Well that is sorta what we do, in class we go through the form in a matter of minutes so the teacher has time to see what us students are doing but we are encouraged to do it at home in  long slow sets


----------



## ed-swckf (Sep 26, 2004)

spatulahunter said:
			
		

> Well that is sorta what we do, in class we go through the form in a matter of minutes so the teacher has time to see what us students are doing but we are encouraged to do it at home in long slow sets


good stuff, yeah we will do the form at club speed for the most part but then once in a while out of the blus will come a long session on form so  if you haven't been training at home you will really suffer in class.


----------



## brothershaw (Oct 31, 2004)

I would say you should probably spend 30% of the amount of time spent on chi sau on sparring. Chi sau is great, and a great exercise but on the odd chance you wind up in a fight it will be closer to sparring than to chi sau unless you get lucky and fight another wing chun guy who wants to settle it with chi sau, lol. 
  Seriusly though in a fight someone will come at you with speed and energy more similiar to a sparring situation so a good amount of time should be devoted to it.


----------



## Flash25 (Oct 31, 2004)

Keep in mind the purpose of both training methods. Chi-sau helps you develop the feeling, and reactions necessary to apply all of your techniques. 

Sparring gets you used to the engagement. Your timing and ability to close the distance between you and your opponent, with control, are honed here.

To put it all in perspective, it takes hours and hours of chi-sau training just to prepare yourself for the split-second you and your opponent make contact. If you have trained your chi-sau correctly, you will react accordingly.
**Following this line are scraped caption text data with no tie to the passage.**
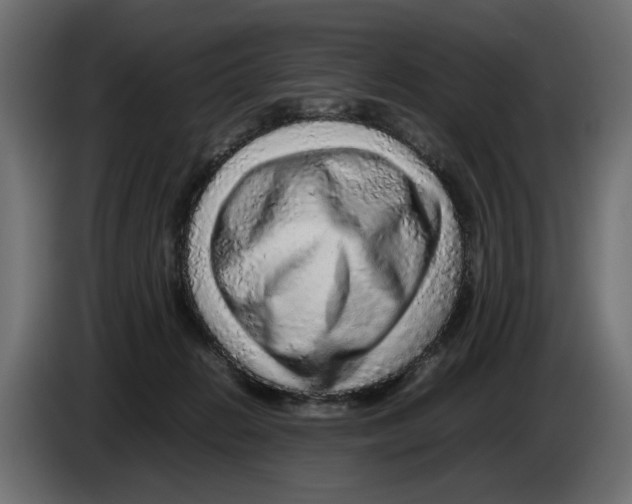 X0000082940270200703020134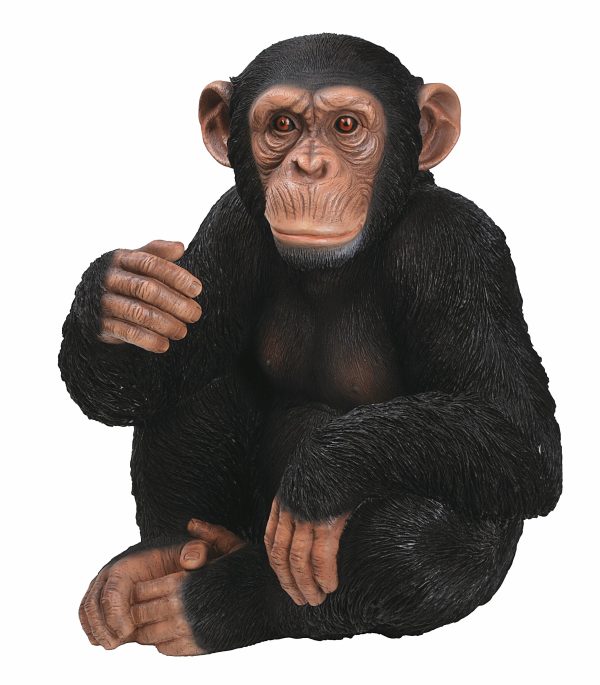 XRL CHM3 B XRL CHM3 C XRL CHM3 D Sitting Chimpanzee B1H53 D1H28 scaled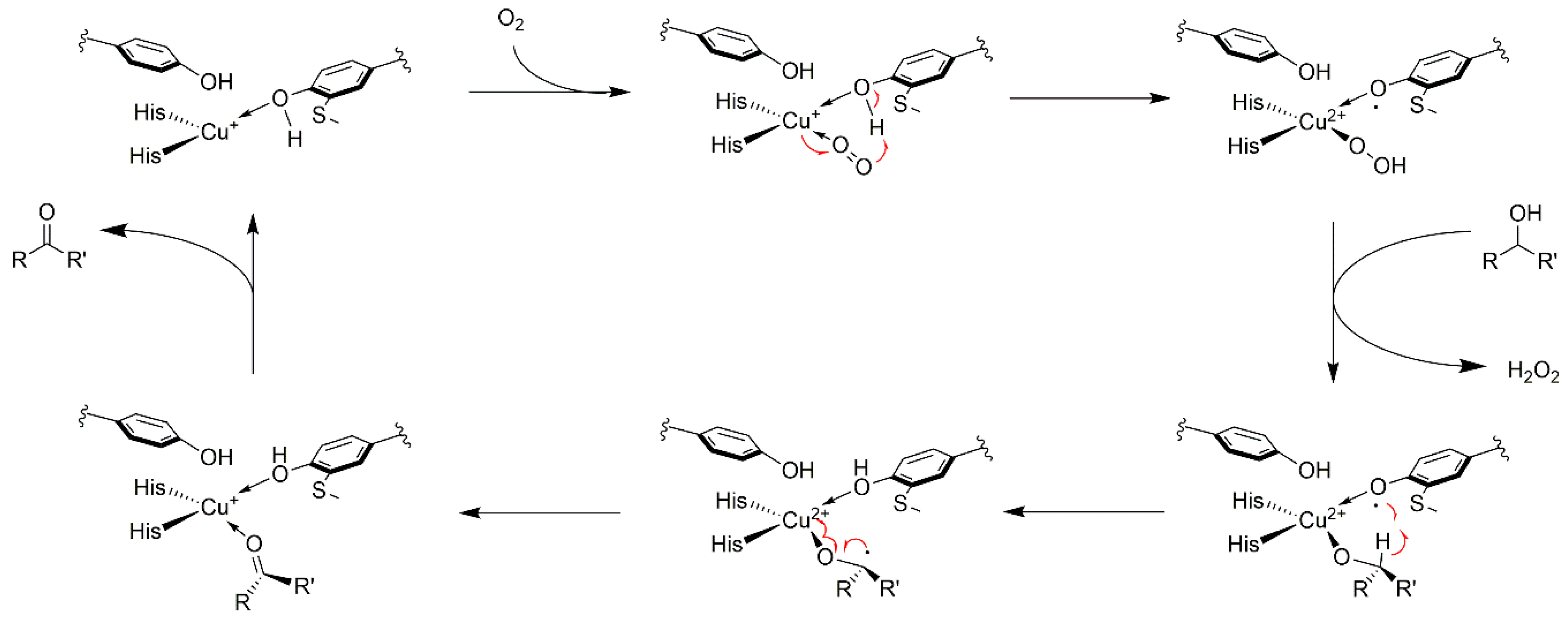 Catalysts 10 00952 sch005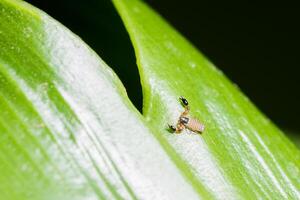 Scorpion on a leaf photo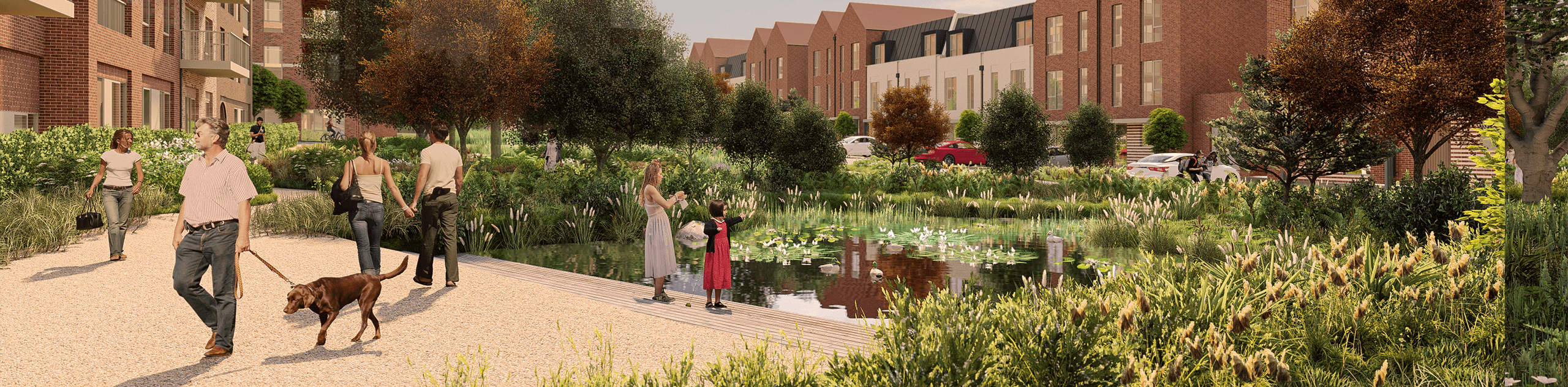 A CGI render of the proposed SuDS pond with a boardwalk platform and wetland planting. © JTP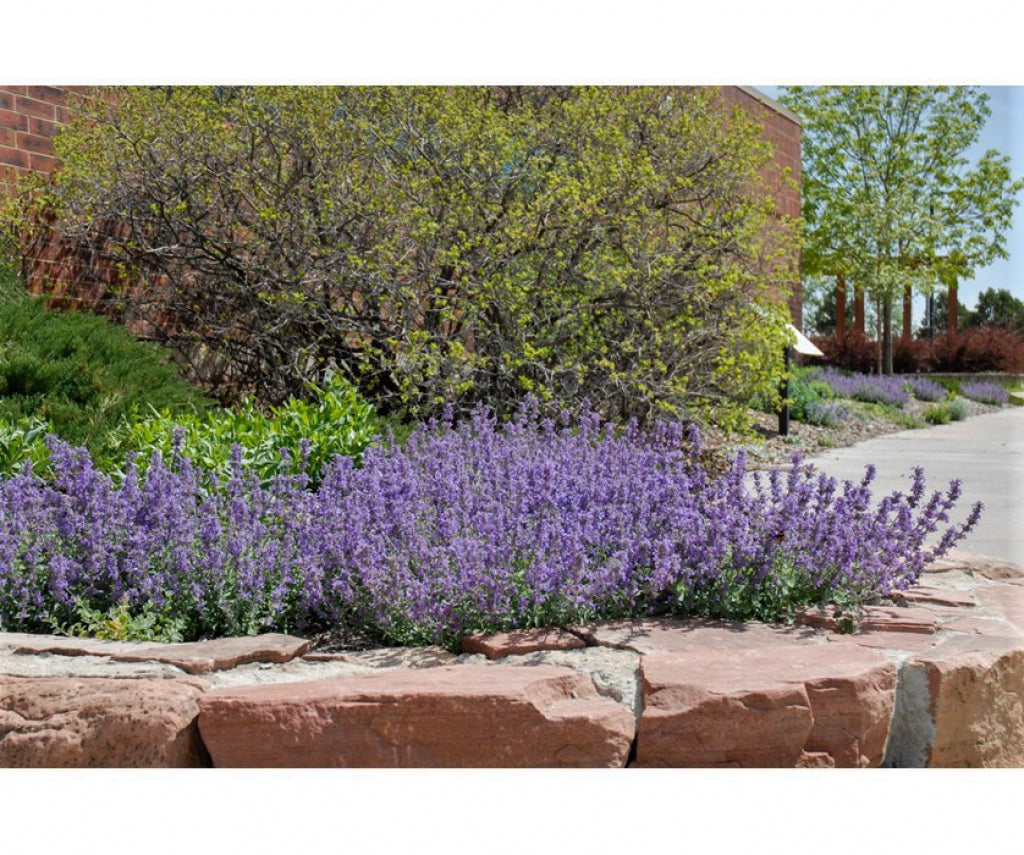 Little Trudy Catmint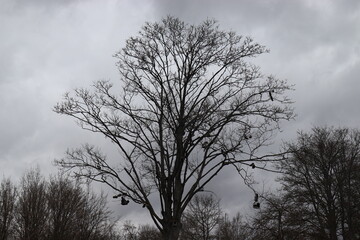 Schuhe hängen auf einem Baum  im Schulhof.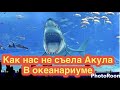 На Захарову напала акулу в океанариуме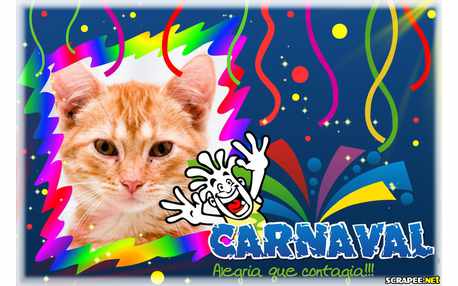 Moldura - Carnaval 2012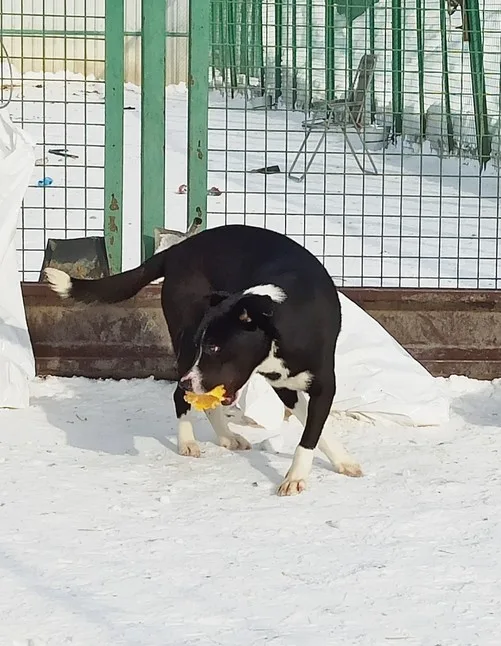 Собака Манго, кобель, Приют Малинки (Кожухово), Москва. Фото 9 из 12.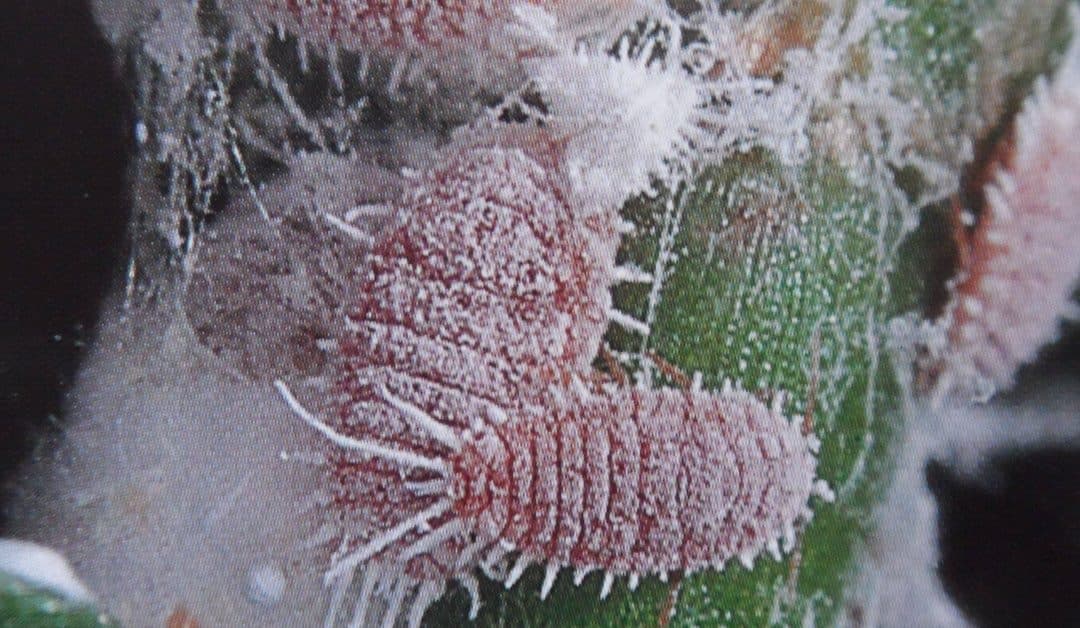 CLAP WHEN YOU WANT TO! #2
My advice would be to work on your chi-sau daily, or as often as possible, and spar a couple time a week to see exactly how well you can apply your chi-sau reactions in a practical setting.


----------



## Flash25 (Oct 31, 2004)

One note on the Biu-Tze. In Leung Ting Wing Tsun the Biu-Tze requires a lot of control, and should not be attempted unless you have trained chi-sau for a while and are quite competant. Also remember that this form was originally a bit of a secret form and contains some very deadly techniques, that is no joke. People have been known to get hurt because they tried to use a Biu-Tze technique and did not have the proper control.


----------



## Hung Fa Moose (Oct 31, 2004)

Spatula, 

What are your goals/motives for your Wing Chun training? The answer to this will help guide your practices more directly, providing you with some focus.


----------